I offer as an alternative to invite through the Canadian Judicial Council the judge in question to clarify. If it is not to be viewed as a matter of contempt, we will at least have taken note of it and moved on to other important issues.

Petitions December 5th, 1997

Mr. Speaker, pursuant to Standing Order 36, I am pleased to present a petition signed by over 2,300 individuals from all across Canada. The petition organizers, representatives from food banks and national anti-hunger groups, are here with us in the gallery today. The petitioners point to Canada's commitment under the United Nations covenant on economic, social and cultural rights to maintain a decent standard of living for Canadians while poverty and hunger for too many have become a fact of everyday life in Canada.

The petitioners therefore call on Parliament to restore national standards for social assistance, to ensure that such standards are maintained through adequate funding to the provinces and to provide leadership in eradicating poverty and hunger in Canada.

Privilege December 5th, 1997

Mr. Speaker, I have a few comments on this question of privilege. I do regard it as a serious matter. I understand the Speaker is considering this matter. In his consideration I hope it will not be simply regarded as a matter of order in the House.

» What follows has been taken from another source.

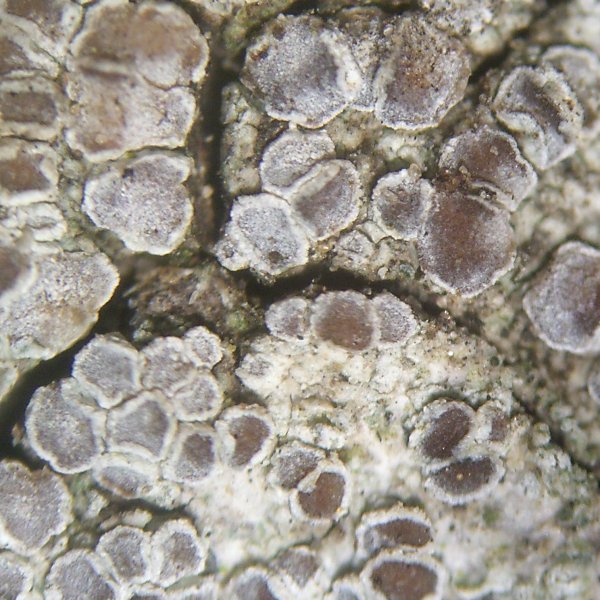 Lecanora hagenii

What appears to have occurred yesterday was a series of acts and words that I believe amounted to intimidation of a member while the member spoke. From my point of view and respectfully on the Richter scale that is quite a bit higher than a matter of simple order. It affects the right of free speech for all of us in this House. What occurred yesterday may have crossed the threshold into the impairing of free speech. If the member who had the floor at the time perceived intimidation—I had an opportunity to review his words and he did use the word intimidation—and if there was intimidation, then it was perceived as such. Setting aside completely any reference to the Criminal Code definitions, we have in this House a standard of conduct which we must uphold ourselves.

I refer the Speaker to an incident that occurred in the 34th Parliament in which a member impaired the movement of the Sergeant at Arms who was carrying the Mace. The member was asked to account for that at the Bar. Depending on how the Chair deals with this case, I would like the Chair to consider that as an option to deal with this issue once and for all so we do not have any repeated incidents of this kind.

Housing December 5th, 1997

Mr. Speaker, one of the areas in which Canadians have world acknowledged expertise is energy efficient housing. With the international community gathered in Kyoto to develop an international agreement on greenhouse gas emissions, mostly caused by wasted energy, what is the government doing to increase the export of Canadian housing technology to world markets?

Violence Against Women November 25th, 1997

Mr. Speaker, some 51% of all Canadian women have experienced at least one incident of physical or sexual assault by age 16. November 25, the international day to end violence against women, has been set aside as a reminder that senseless acts of violence are committed every day against women in every corner of the world. And Canada is no exception.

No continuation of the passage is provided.